The gens Maecilia or Mecilia was a minor plebeian family at ancient Rome. Although of great antiquity, few members of this gens are mentioned in republican times, including two tribunes of the plebs in the first century of the Republic. The Maecilii appear again, somewhat sporadically, in imperial times, even obtaining the consulship during the early fourth century. One of the last emperors of the Western Empire was Marcus Maecilius Avitus.

==Members==
- Lucius Maecilius, tribune of the plebs in 470 BC.

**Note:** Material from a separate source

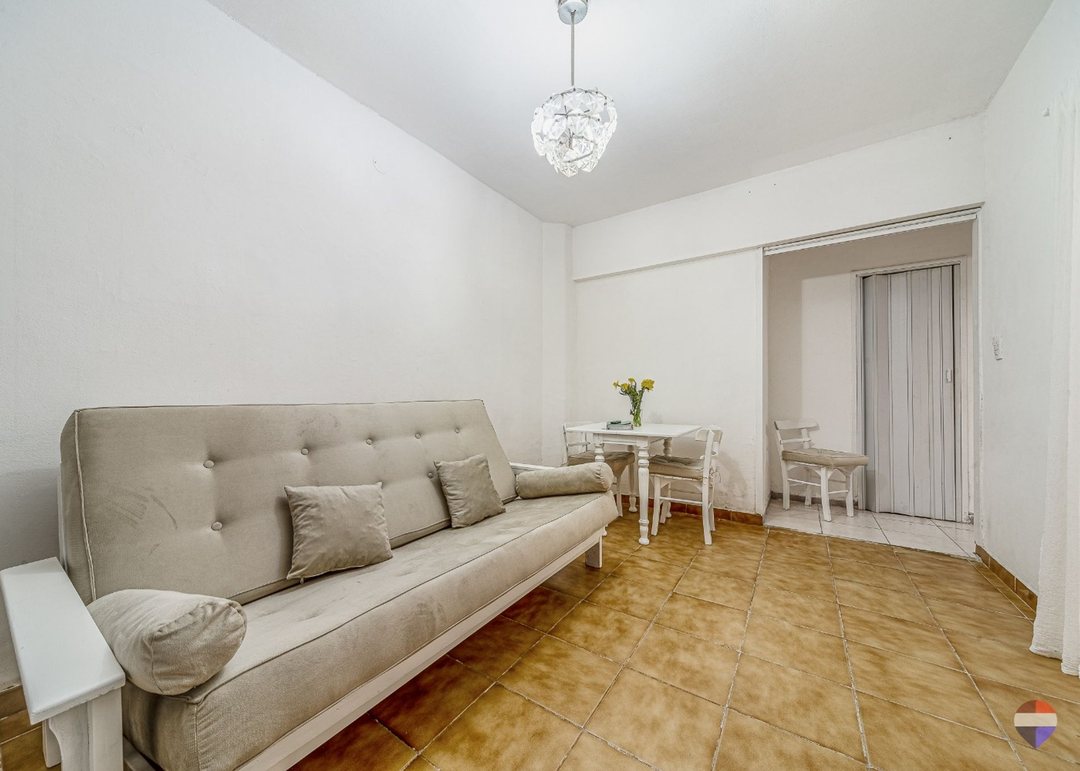 VENTA PH 2 AMBIENTES CON PATIO SIN EXPENSAS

- Spurius Maecilius, tribune of the plebs at least four times, the fourth occasion in 416 BC.
- Titus Maecilius Croto, legate in 215 BC, he brought the survivors of the battle of Cannae to Sicily.
- Marcus Maecillius Tullus, triumvir monetalis in 7 BC.
- Lucius Maecilius Scrupus, among the Veientes present at the appointment of a magistrate named Gaius Julius Gelos in AD 26, recorded on an inscription at Veii.
- Marcus Maecilius Rufus, governor of Achaea some time before AD 67.
- Maecilius Fuscus, governor of Britannia Inferior around AD 240. He helped rebuild and expand a fort at what is now Durham.
- Mecilius Hilarianus, consul in AD 332, and praefectus urbi from AD 338 to 339.
- Marcus Maecilius Eparchius Avitus, emperor from AD 455 to 456.
- Maecilius Hi(larianus?), a senator named on a seat in the Colosseum around the time of Odoacer, possibly descended from the consul Hilarianus.